The Chicago Swordplay Guild
- Type: Martial Arts school
- Genre: Historical Martial Arts
- Founded: 1999
- Founder: Gregory Mele and Mark Rector
- Headquarters: United States, Chicago, IL
- Key people: Andrew Curtis Hull White, president
- Website: chicagoswordplayguild.com

= Chicago Swordplay Guild =

The Chicago Swordplay Guild is a modern school of swordsmanship and Western martial arts, and non-profit organization based in Chicago, Illinois, United States. It provides organized instruction in the study and practice of historical European swordplay, with a principal focus on the Italian school of swordsmanship and other martial arts of the 14th–17th centuries.
Co-founded in 1999 by Gregory Mele and Mark Rector, the Chicago Swordplay Guild seeks to be consistent with the methodology of the ancient European fencing schools by combining scholarship and research into the teachings of the historical Masters, with the practical knowledge gained through solo and partnered drilling and fencing. Since techniques are taught in reference to how effective they would be in a real encounter, the Guild practices with an absolute emphasis on safety, control, competence, and skill at arms.

==Membership==

Beginning with a small group of people interested in swordplay the Chicago Swordplay Guild today has more than 50 active members, with dues-paying individuals ranging in age from their late teens to their mid-fifties, and of which 30% are women.

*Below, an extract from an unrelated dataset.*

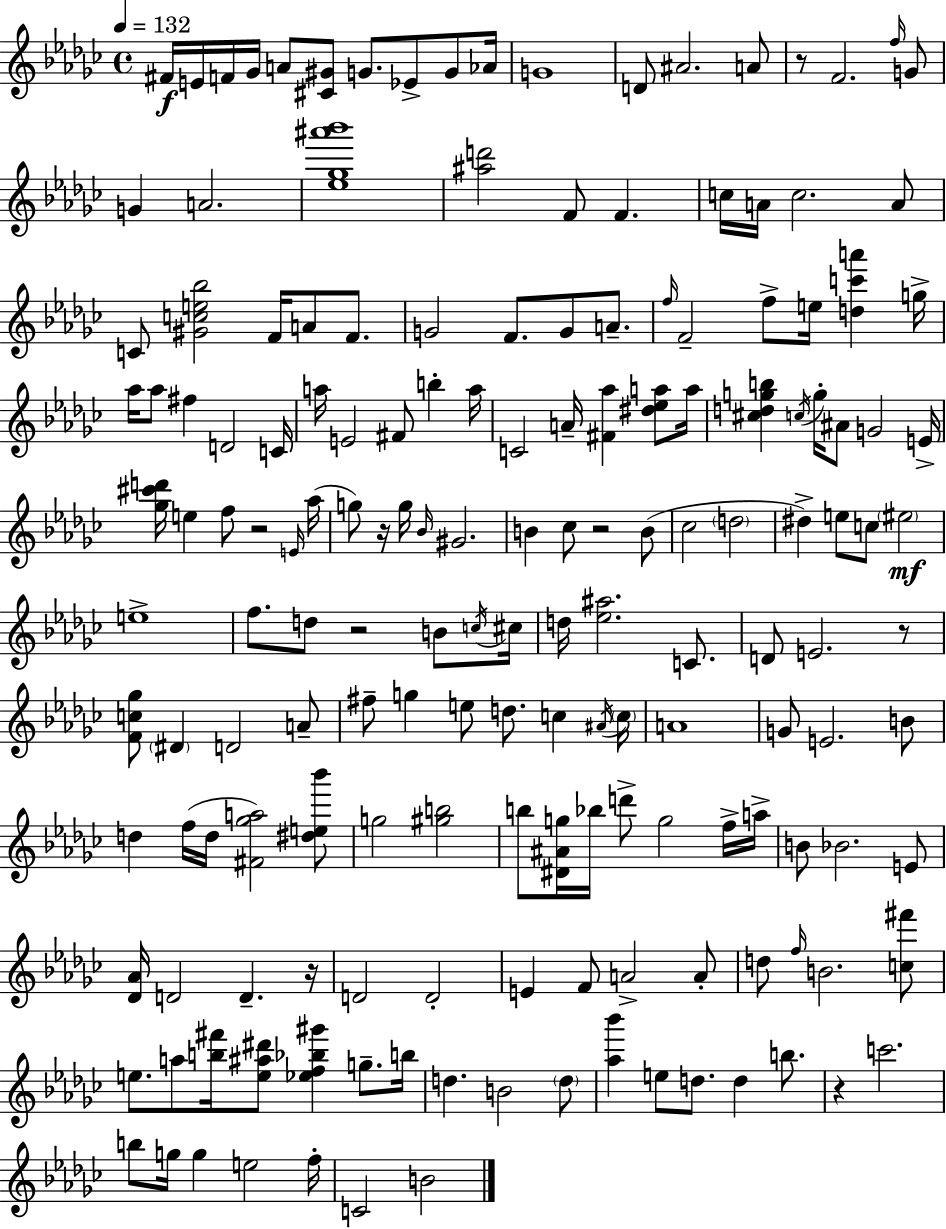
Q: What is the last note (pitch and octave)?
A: B4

A cross-section of the membership includes people in fields such as law, nursing, acting, civil engineering, ichthyology, computer programming, fitness training, paleontology, library science, Renaissance clothing design, publishing, education and the fine arts.

==Location==

The principal training venue is Forteza Fitness and Martial Arts located in the Ravenswood neighborhood on Chicago's near northside, Forteza is an almost 5000 sqft facility that was designed and built specifically for the study of western martial arts. The Chicago Swordplay Guild also has sister schools operating in Milwaukee, Wisconsin (Chicago Swordplay Guild North) and Denver, Colorado (Rocky Mountain Swordplay Guild).

==Curriculum==
The Guild has a detailed, structured curriculum that focuses on the Italian school of swordsmanship of the 14th–17th centuries. This curriculum is divided into three courses of study; medieval swordsmanship, or armizare, Bolognese fencing, and late Renaissance rapier fencing.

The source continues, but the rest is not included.